A hacking group exposed some nasty holes that Apple has patched with an emergency fix.
Over the past few days, Apple has released a point-release to iOS 9.3 – iOS 9.3.5 – that was released to patch vulnerabilities exploited by the Pegasus malware. Pegasus, a set of tools that is branded as “lawful intercept” spyware by the NSO Group and has sold to some nation states for up to $1M USD. It could be used to remotely jailbreak iPhones and then use the device’s microphone to eavesdrop on suspected dissidents and its cameras to capture images of them.
iOS 9.3.5 was released to specifically thwart this malware.
Pegasus was highly sophisticated, silently installing itself via a link sent to an unsuspecting user via text message. Once installed, Pegasus can do more than just spy on you, it can also intercept cellular calls, Facetime audio and video calls, text messages, email and more. The software has been nicknamed an attack “lookout.”
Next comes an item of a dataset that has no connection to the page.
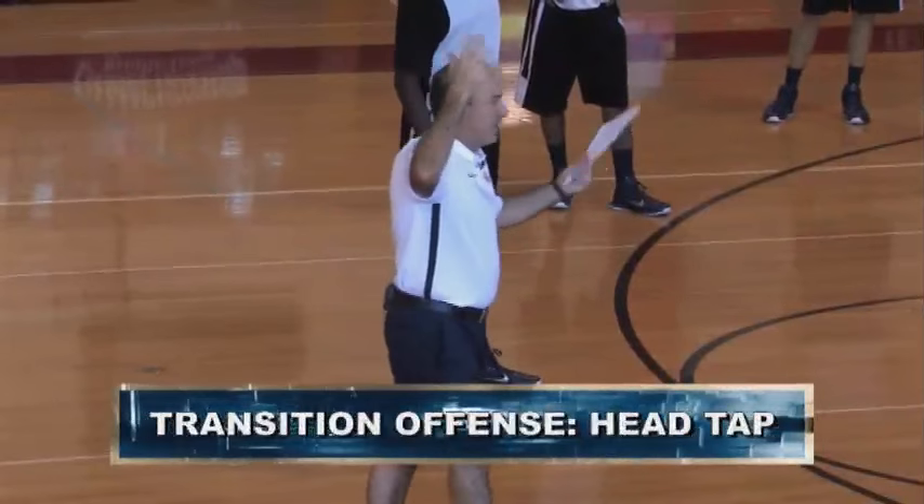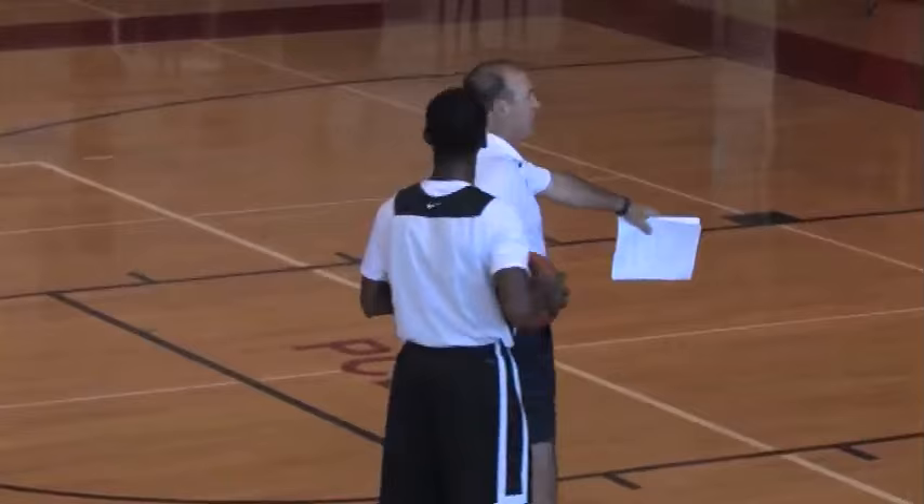Now we've got tap the head. Everybody has a tap the head play. All that means for us is we scream. So you come down here. Where's my four man? Let's get back to our original two man here, three man. We came down in transition. We're running push.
Security Analysis firm Lookout indicates that Pegasus can take advantage of the following security weaknesses in iOS 9.x:
The malware exploits three zero-day vulnerabilities, or Trident, in Apple iOS:
CVE-2016-4655: Information leak in Kernel – A kernel base mapping vulnerability that leaks information to the attacker allowing him to calculate the kernel’s location in memory.
CVE-2016-4656: Kernel Memory corruption leads to Jailbreak – 32 and 64 bit iOS kernel-level vulnerabilities that allow the attacker to silently jailbreak the device and install surveillance software.
CVE-2016-4657: Memory Corruption in Webkit – A vulnerability in the Safari Webkit that allows the attacker to compromise the device when the user clicks on a link.
Pegasus is one of the most advanced set of malware tool sets available today because its customizable. It can be used to track a wide range of communication items from its victims and it uses strong encryption to protect itself and avoid detection. Both Lookout and Citizen Lab helped identify and inform Apple about the malware. Apple was able to work quickly to develop and test an update that patched the exploits in under two weeks.
While individuals in the US are very unlikely to be exposed or vulnerable to Pegasus, its highly recommended that you download and install this update to iOS 9.x immediately. If you have jailbroken your iOS 9.x powered iDevice, this will quickly and neatly place you back within Apple’s walled garden.